Hablaba con tanta seriedad y su dolor era tan vivo que sentí que ello le consolaría, así que le dije:

—Lo prometo[28].

Cuando iba por el corredor vi a Mr. Morris mirando por una ventana. Se volvió al oír mis pasos.

—¿Cómo está Alt? —dijo. Notando entonces mis ojos enrojecidos, continuó—: Ah, ya veo que le ha estado consolando. ¡Pobre muchacho!, lo necesita. Nadie sino una mujer puede ayudar a un hombre con el corazón destrozado, y él no tiene a nadie que le consuele.

Sobrellevaba su propio problema con tal ánimo que mi corazón sufría por él. Vi el manuscrito[29] en su mano, y supe que cuando lo leyese comprendería lo mucho que yo sabía, así que le dije:

—Quisiera poder consolar a todos los que sufren. ¿Me permitirá ser su amiga y vendrá a mí para que le consuele si lo necesita? Sabrá después por que digo esto.

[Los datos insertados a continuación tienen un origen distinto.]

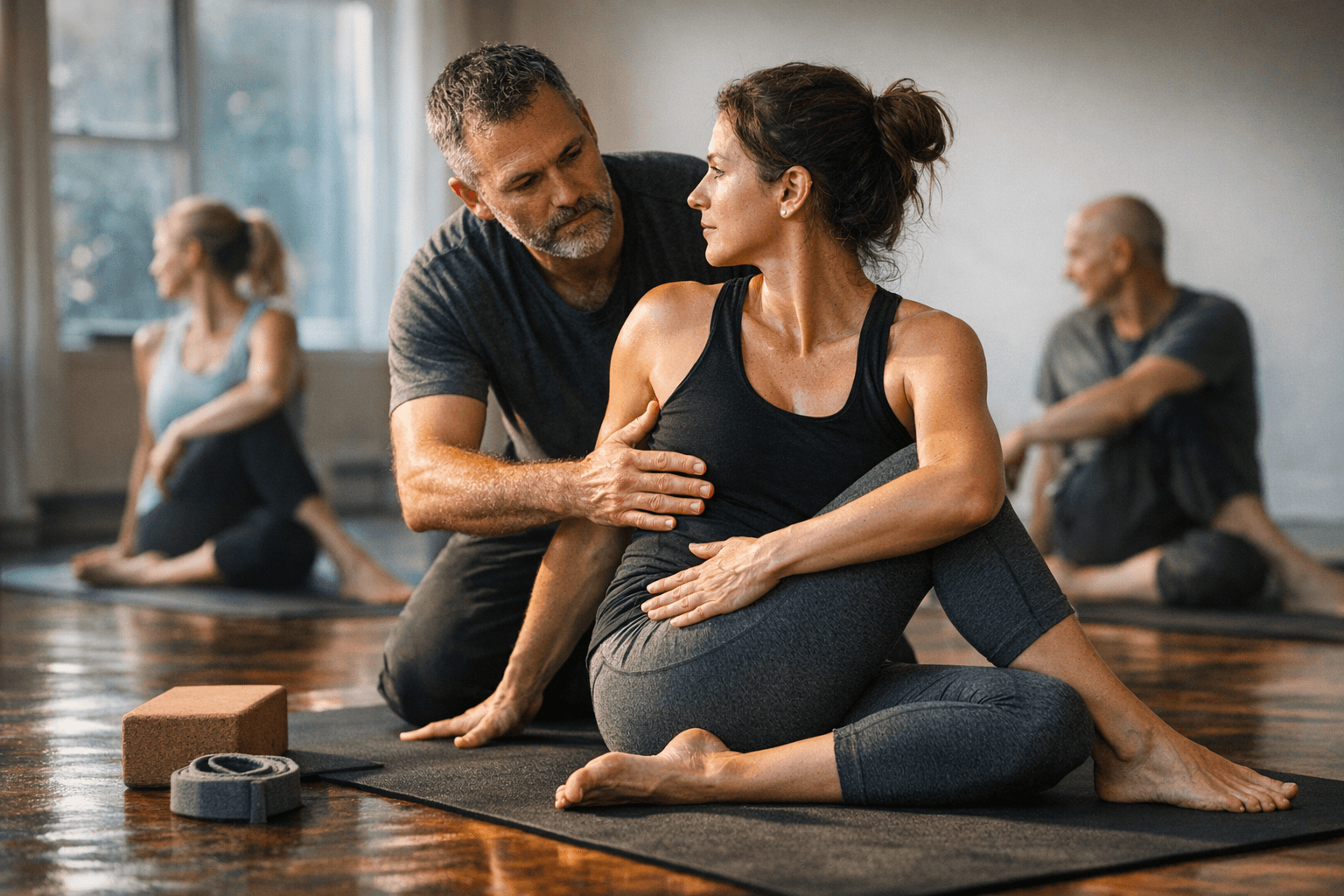 Safe Yoga Twists: Thoracic Rotation, Core Cues and Graduated Variations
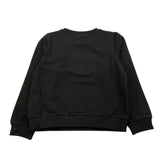 LIU JO felpa chiusa girocollo tint unita con stampa logo Nero per Bambina KF4025XX NERO LIU JO 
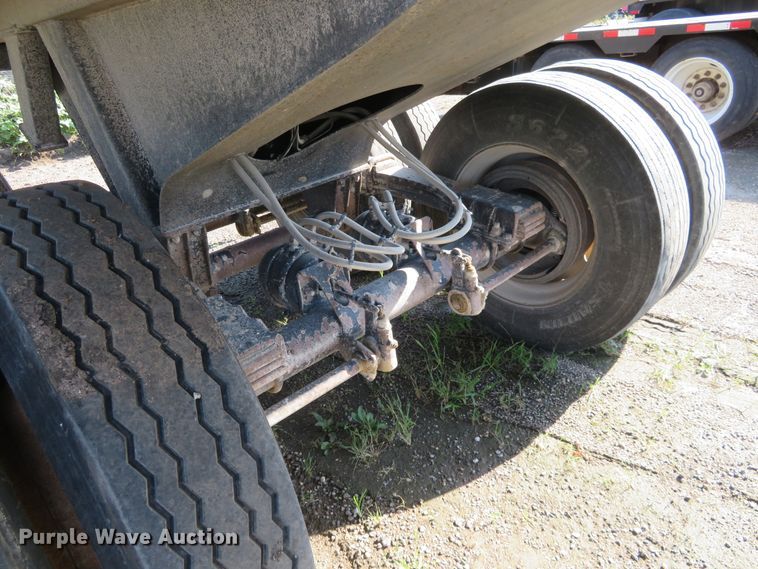 image for item DE6861 2001 CTS end dump trailer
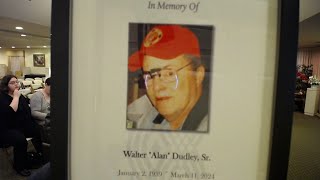 Walter quotAlanquot Dudley Sr Funeral Service [upl. by Rosenkrantz413]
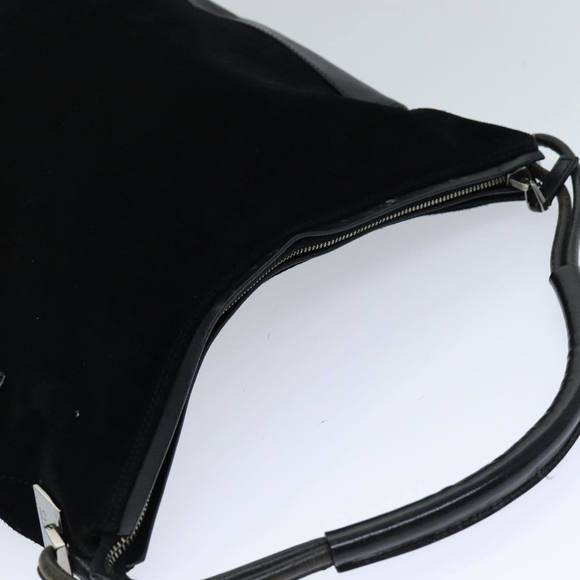 GUCCI Shoulder Bag Suede Black 001 3770 Auth 76389 - Picture 6 of 16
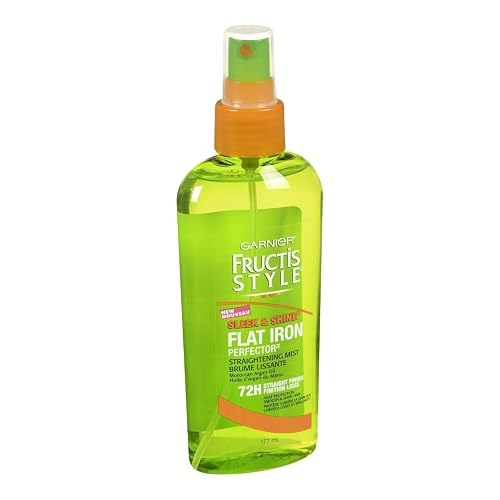 Garnier Fructis Style Sleek & Shine Flat Iron Perfector Straightening Mist 6 oz (Pack of 5)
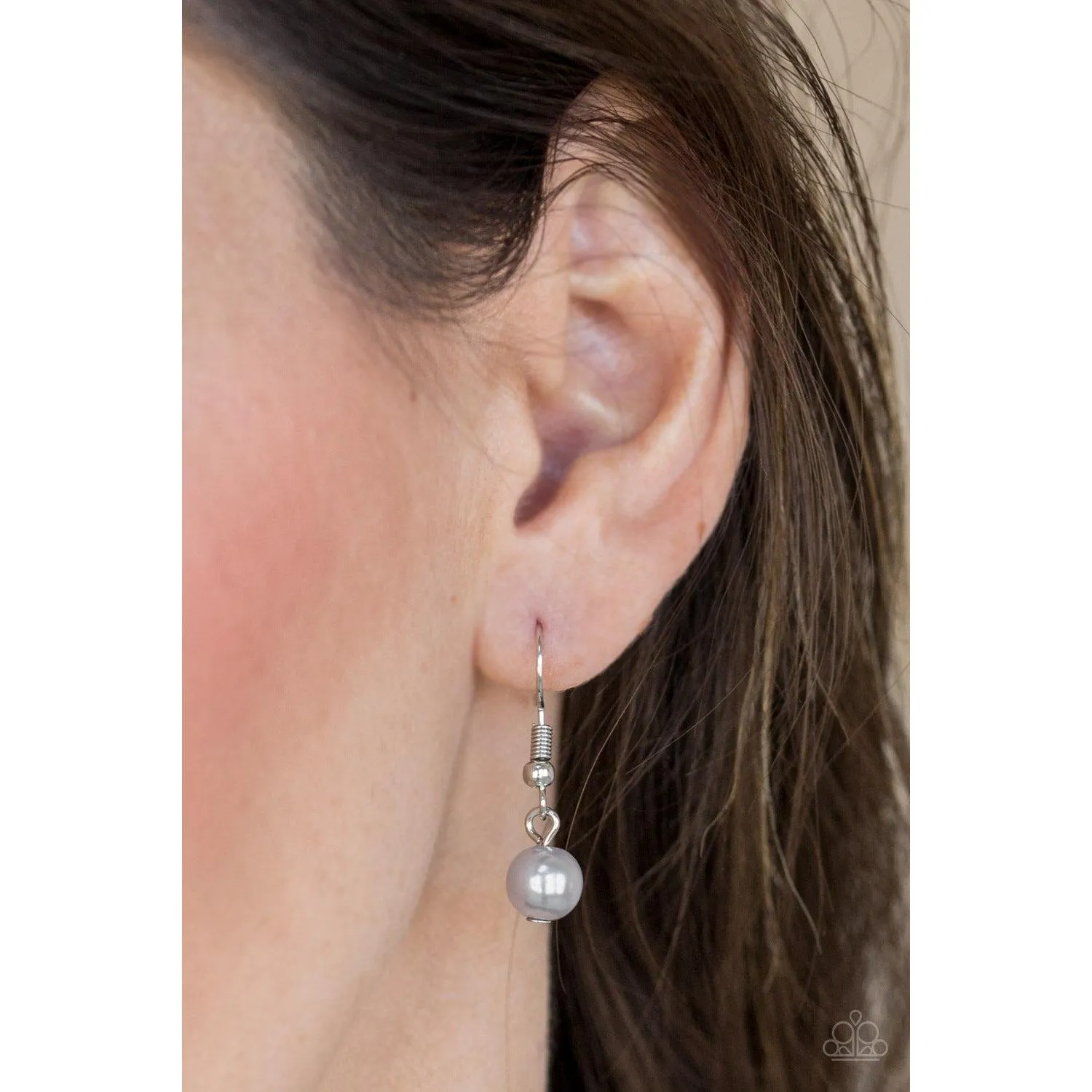 Paparazzi Eloquently Eloquent Silver Necklace & Earrings Set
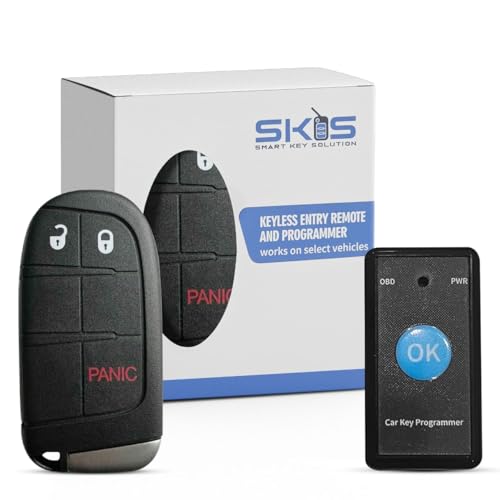 3B Schlüsselanhänger Ersatz Fernbedienung Fob Kit für Dodge Journey 2011 2012 2013 2014 2015 2016 2017 Fernbedienung Schlüssel M3N-40821302, M3N40821302 (3B) von SMART KEY SOLUTION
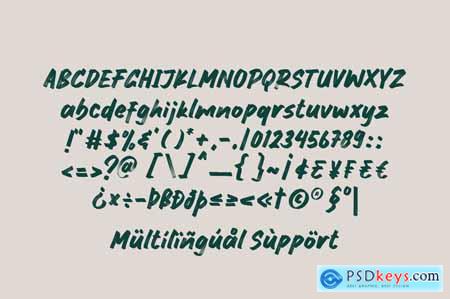 Pena Hitam - Brush Font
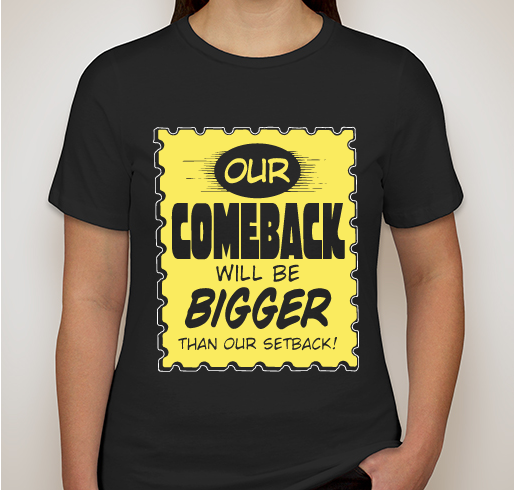 Back The Comeback #2 - Support Local Comic & Game Stores Fundraiser - unisex shirt design - front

Comprendió que yo hablaba muy seriamente e, inclinándose, tomó mi mano y, llevándosela a los labios, la beso. Me pareció un pobre consuelo para un alma tan valiente y sin egoísmo, y llevada de un impulso me incliné y le besé. Asomaron las lágrimas en sus ojos y por un momento se le hizo un nudo en la garganta; dijo, por fin, sosegadamente:

—¡Jovencita, no lamentará usted este gesto de auténtica bondad mientras viva! —Después se fue al estudio de su amigo.

«¡Jovencita!» ¡Exactamente lo mismo que le había dicho a Lucy y, oh, también él ha demostrado ser un amigo!